6
votes

Using mahout I am able to classify sentiment of data . But I am stuck with a confusion matrix.

I am using mahout 0.7 naive bayes algorithms to classify sentiment of tweets. I use trainnb and testnb naive bayes classifiers to train the classifier and classify sentiment of tweets as 'positive' ,'negative' or 'neutral'.

Sample positive training set

      'positive','i love my i phone'
      'positive' , it's pleasure to have i phone'  

Similarly I have prepared training samples of negative and neutral, it is a huge data set.

The sample test data tweets I am providing is without including sentiments.

  'it is nice model'
  'simply fantastic ' 

I am able to run the mahout classification algorithm, and it gives output of classified instances as confusion matrix .

Next step I need to find out which tweets are showing positive sentiment and which are negative. expected output using classification: to tag text with the sentiment.

       'negative','very bad btr life time'
      'positive' , 'i phone has excellent design features' 

In mahout which algorithm do I need to implement to get output in the above format. or any custom source implementation is required.

To display data 'kindly' suggest me algorithms that apache mahout provides, which will be suitable for my twitter data sentiment analysis.

2

2 Answers

3
votes

In general to classify some text you need to run Naive Bayes with different priors (positive and negative in your case) and then just chose the one that results in greater value.

This excerpt from the Mahout book has some examples. See Listing 2:

Parameters p = new Parameters();
p.set("basePath", modelDir.getCanonicalPath());9
Datastore ds = new InMemoryBayesDatastore(p);
Algorithm a = new BayesAlgorithm();
ClassifierContext ctx = new ClassifierContext(a,ds);
ctx.initialize();

....

ClassifierResult result = ctx.classifyDocument(tokens, defaultCategory);

Here result should hold either "positive" or "negative" label.

1
votes

I am not sure I will be able to help you in full but I hope I will be able to give you some entry points. In general, my advice for you would be to download Mahout's source code and see how examples and target classes are implemented. This is not that easy but you should be ready that Mahout doesn't have easy entry doors. But once you enter them learning curve will be quick.

First of all, it depends on the version of Mahout you are using. I am using 0.7 myself, so my explanation will be regarding 0.7.

public void classify(String modelLocation, RawEntry unclassifiedInstanceRaw) throws IOException {

    Configuration conf = new Configuration();

    NaiveBayesModel model = NaiveBayesModel.materialize(new Path(modelLocation), conf);
    AbstractNaiveBayesClassifier classifier = new StandardNaiveBayesClassifier(model);

    String unclassifiedInstanceFeatures = RawEntry.toNaiveBayesTrainingFormat(unclassifiedInstanceRaw);

    FeatureVectorEncoder vectorEncoder = new AdaptiveWordValueEncoder("features");
    vectorEncoder.setProbes(1); // my features vectors are tiny

    Vector unclassifiedInstanceVector = new RandomAccessSparseVector(unclassifiedInstanceFeatures.split(" ").length());

    for (String feature: unclassifiedInstanceFeatures) {
        vectorEncoder.addToVector(feature, unclassifiedInstanceVector);
    }

    Vector classificationResult = classifier.classifyFull(unclassifiedInstanceVector);

    System.out.println(classificationResult.asFormatString());

}

What happens here:

1) First, you load the model you got by doing trainnb. This model got saved where you specified using -o parameter while calling trainnb. Model is .bin file.

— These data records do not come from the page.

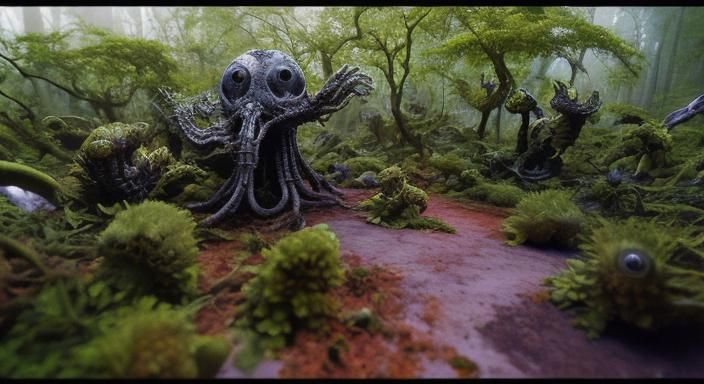 environment of speculative evolution realism monster and creatures flora from space  strange
weirdnotable
phenomenal
puzzling
out-there
baff...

2) StandardNaiveBayesClassifier is created using your model

3) RawEntry is my custom class which is just a wrapper around raw string of my data. toNaiveBayesTrainingFormar takes string I want to classify, removes noise from it based on my needs and simply returns a string of features 'word1 word2 word3 word4'. So, my unclassified raw string got converted into applicable format for classification.

4) Now string of features needs to be encoded as Mahout's Vector because classifier input is only in Vector

5) Pass vector to classifier - magic.

This is the first part. Now, classifier returns you Vector which contains classes (sentiments in your case) with probabilities. You want specific output. The most straightforward to implement (but I assume not the most efficient and stylish) would be to do next:

1) You create map reduce job which goes through all data you want to classify

2) For each instance you call classify method (don't forget to do few changes not to create StandardNaiveBayesClassifier for every instance)

3) Having classification result vector you can output data in whatever format you whish in your map reduce job

4) Useful setting here is jC.set("mapreduce.textoutputformat.separator", " "); where jC is JobConf. This allows you to choose separator for your output file from mapreduce job. In your case this is ",".

Again, this all applies to Mahout 0.7. No guarantees it will work for you as is. It worked for me though.

In general, I never worked with Mahout from command-line and for me Mahout from Java is the way to go.